Produksi dan pembuatan produk kaca-yang digunakan sehari-hari.
May 22, 2026
1. Bahan baku kaca berwarna hijau.
Silikon adalah salah satu unsur yang paling melimpah di kerak bumi di antara senyawa aluminosilikat yang menyusun struktur utama kaca laminasi, dan terdapat di alam dalam bentuk mineral. Bahan baku utama yang digunakan dalam kaca laminasi adalah pasir kuarsa, soda ash, kalsit, batu kapur, boraks, dan feldspar. Sejumlah kecil bahan baku tambahan lainnya dapat ditambahkan untuk menyesuaikan kinerja kaca laminasi sesuai dengan persyaratan kinerja yang berbeda. Dengan berkembangnya teknologi kaca laminasi, kini dimungkinkan untuk memilih bahan baku yang sama sekali tidak berbahaya bagi manusia dan lingkungan, dan terdapat langkah-langkah perlindungan keselamatan yang matang untuk memastikan sifat bahan baku kaca yang ramah lingkungan dan sehat.

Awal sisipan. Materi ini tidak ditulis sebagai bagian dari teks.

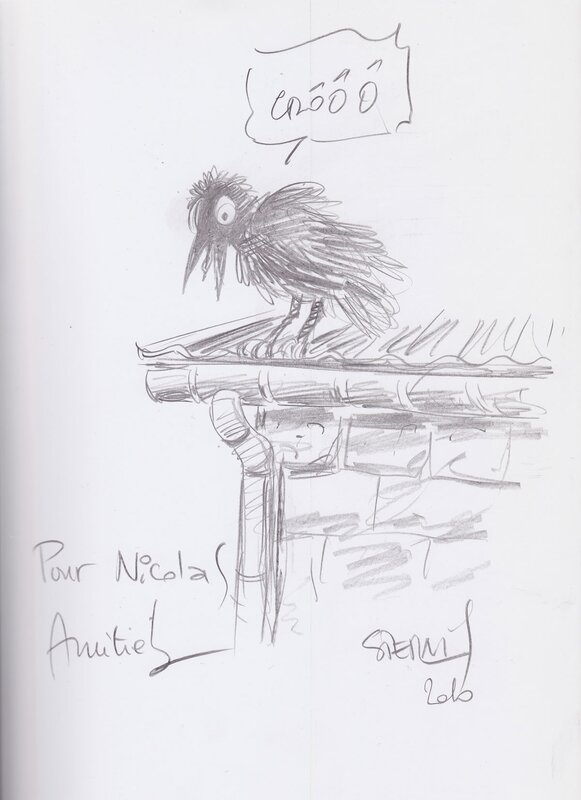 Le Corbeau by Philippe Sternis - Sketch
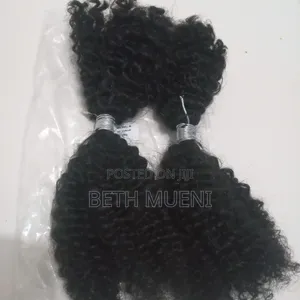 Human Hair Extensions Afro Kinky Curly 4b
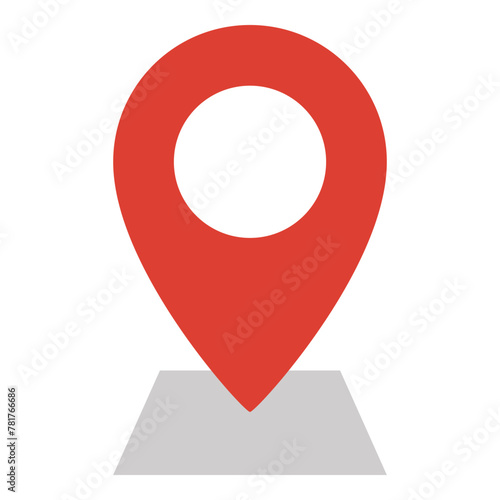 シンプルな赤いマップピン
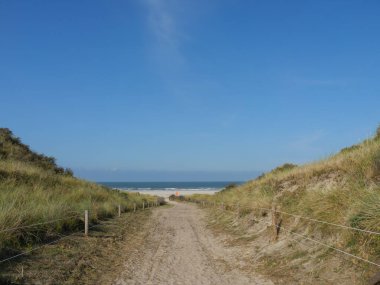Alman kuzey denizindeki Juist Adası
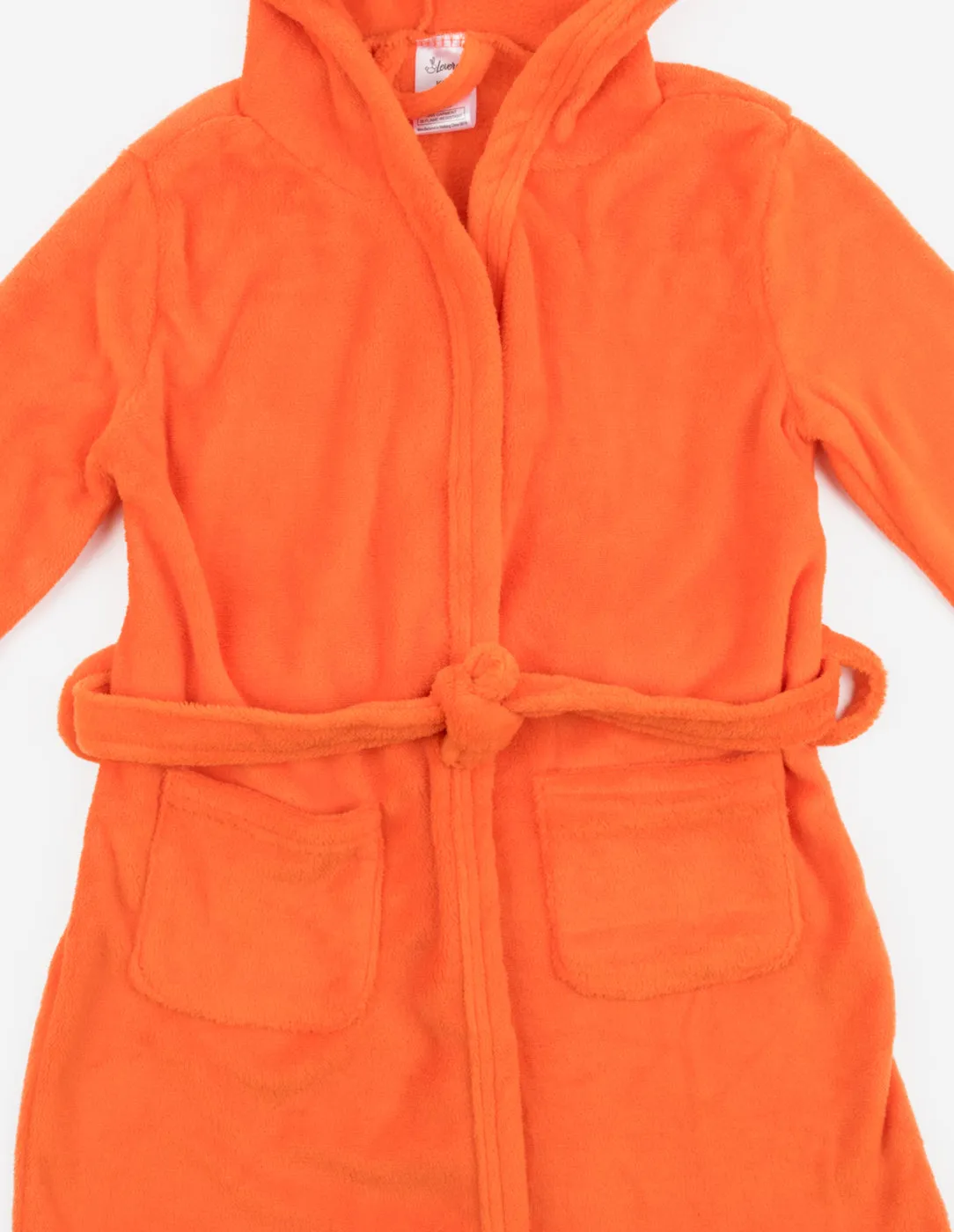 Fleece Classic Color Hooded Robes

2. Pengolahan kaca laminasi bersifat hijau dan ramah lingkungan.
(1) Lelehan kaca dihasilkan dengan meleburkan bahan mentah yang telah disiapkan pada suhu tinggi sekitar 1500 derajat. Pemrosesan produk kaca terutama melibatkan empat langkah: batching, peleburan, pembentukan, dan anil. Seluruh proses produksi telah diotomatisasi dan pada dasarnya telah mencapai produksi dan kontrol digital dan cerdas. Operator dapat mengatur dan menyesuaikan parameter proses dari ruang kontrol dan menerapkan operasi cerdas dan pemeliharaan seluruh proses produksi, sehingga sangat mengurangi intensitas kerja dan meningkatkan lingkungan kerja bagi pekerja.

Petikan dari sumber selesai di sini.